Accidents de la circulation : champ d’application de l’assurance obligatoire

CJUE (3ème chbre), 4 septembre 2014, aff. C162/13, Vnuk c. Zavarovalnica Triglav.

La CJUE vient préciser la notion de véhicule couvert par l’assurance obligatoire, prévue par la directive du 24 avril 1972 (CJUE, 3ème ch., 4 sept. 2014, aff. C-162/13). A la suite d’un accident impliquant un tracteur et sa remorque, au cours d’une manœuvre effectuée dans un espace privé, la juridiction de première instance slovène avait estimé qu’il ne s’agissait pas d’un accident de la circulation.

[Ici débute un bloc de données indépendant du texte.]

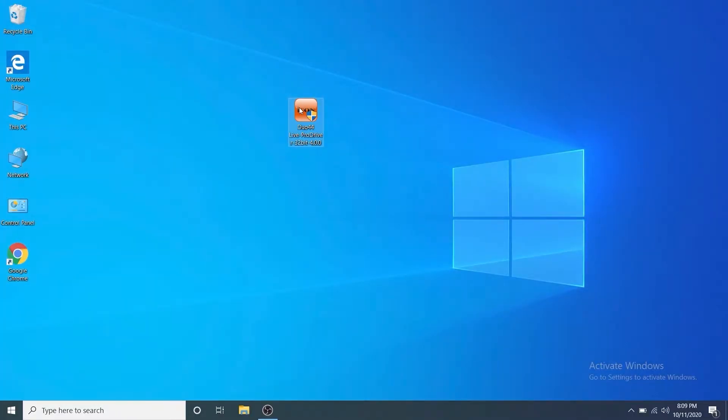Hey my name is Nadir and in this PD4 getting started video we're going to show you how to install ProDriver 4 on your Windows PC.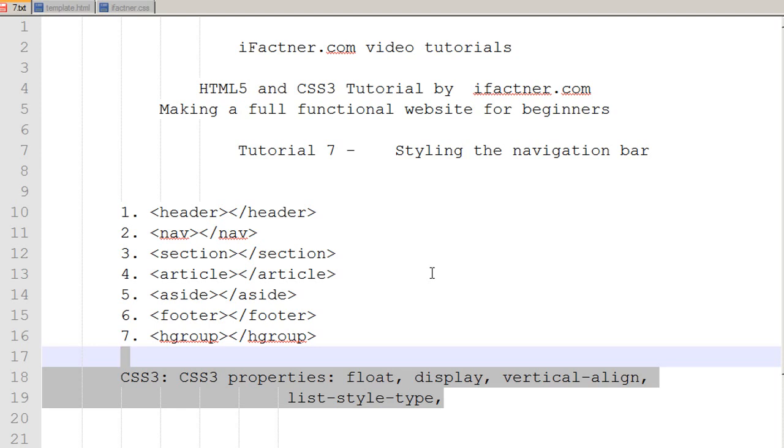Hey guys and girls, welcome to your 7th HTML5 and CSS3 tutorial by ifactner.com. We are making a full functional website using new HTML5 tags and CSS3 styling techniques.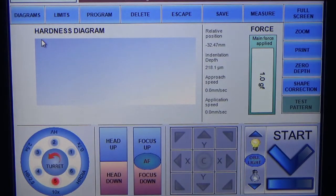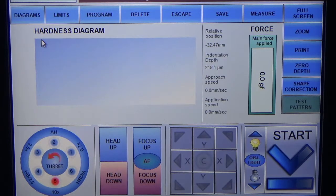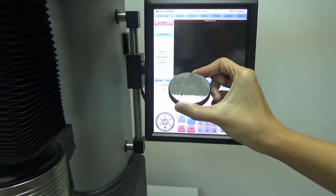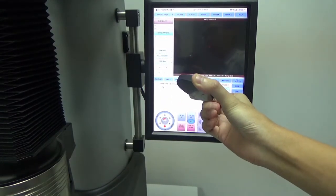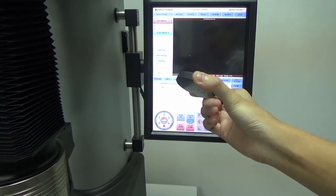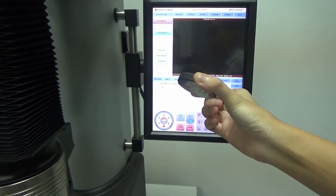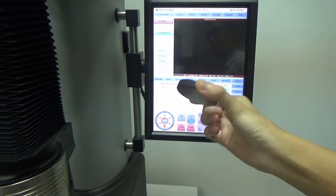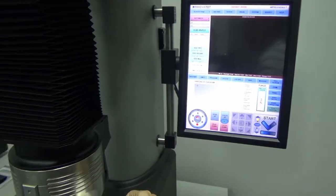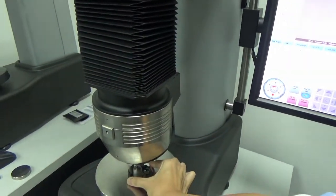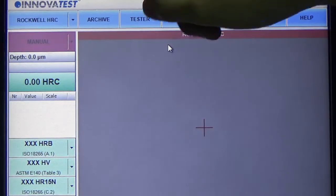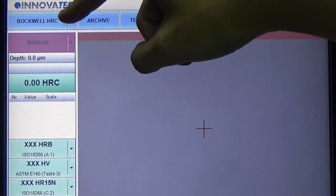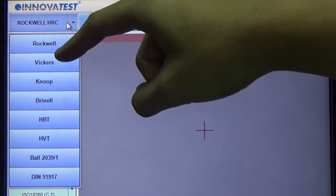Now we are going to do a Vickers test with 500 grams of force. This equipment is fully automatic, so what you have to do is just put your sample on the sample table. As you can see, here is the Rockwell scale, so we have to first change the scale to Vickers 500 grams of force.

La loi slovène définit le champ d’application de l’assurance obligatoire par rapport au critère d’ « utilisation des véhicules ». La jurisprudence distingue alors selon que le véhicule est utilisé en tant que moyen de transport ou en tant que machine, estimant que dans ce dernier cas il ne s’agit par de « circulation routière ». C’est ainsi que le juge interne avait rejeté la demande contre l’assureur, relevant que le tracteur n’était pas utilisé comme moyen de transport, mais comme une machine, au moment de la production du dommage.

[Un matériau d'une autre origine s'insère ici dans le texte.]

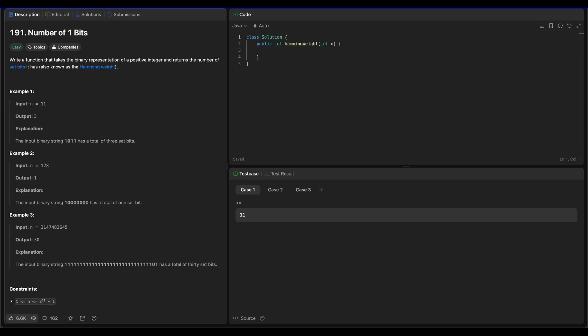Hello everyone, welcome back. Let's talk about another easy problem on LeetCode today: Number of 1 Bits, LeetCode 191. In this problem we are given a number and we have to calculate the Hamming weight, which is the number of 1 bits or set bits in the binary representation of the integer.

La demande préjudicielle formulée par la Cour suprême slovène porte donc sur l’interprétation de la notion de « circulation des véhicules » (art. 3 § 1 de la directive), laquelle se subdivise : que faut-il entendre par « véhicule », mais également par « circulation » ?

D’une part, la diversité d’utilisation du tracteur (moyen de transport et machine agricole) ne porte pas atteinte à son inclusion dans la catégorie des véhicules visés par la directive. Il faut toutefois préciser que les Etats-membres sont libres de prévoir des dérogations pour certains types de véhicules. Hors dérogation – non prévue par le droit slovène – le tracteur est donc bien un véhicule. D’autre part, la notion de circulation n’est pas laissée à l’appréciation des Etats-membres, et doit donc recevoir une acception uniforme dans l’Union. Or, cette notion est différemment transcrite dans les versions linguistiques nationales : circulation ou utilisation, cette dernière acception étant plus large. En présence d’une telle difficulté linguistique, la jurisprudence communautaire préconise une interprétation uniforme fonction de l’économie générale et de la finalité de la réglementation et en cause. La Cour de justice a alors l’occasion de rappeler le double objectif poursuivi par les directives relatives aux accidents de la circulation : liberté de circulation, certes, mais aussi et surtout protection des victimes. Elle en déduit le champ d’application (minimal) suivant : tout « accident causé par un véhicule à l’occasion de son utilisation, dès lors que celle-ci est conforme à la fonction habituelle de ce véhicule ». L’assureur slovène ne saurait donc exclure du champ de sa garantie l’accident survenu au cours d’une manœuvre du tracteur, fût-ce dans un espace privé.

On retiendra de cette décision que le droit de l’Union prescrit à l’assureur de couvrir toute utilisation d’un véhicule conforme à sa fonction habituelle.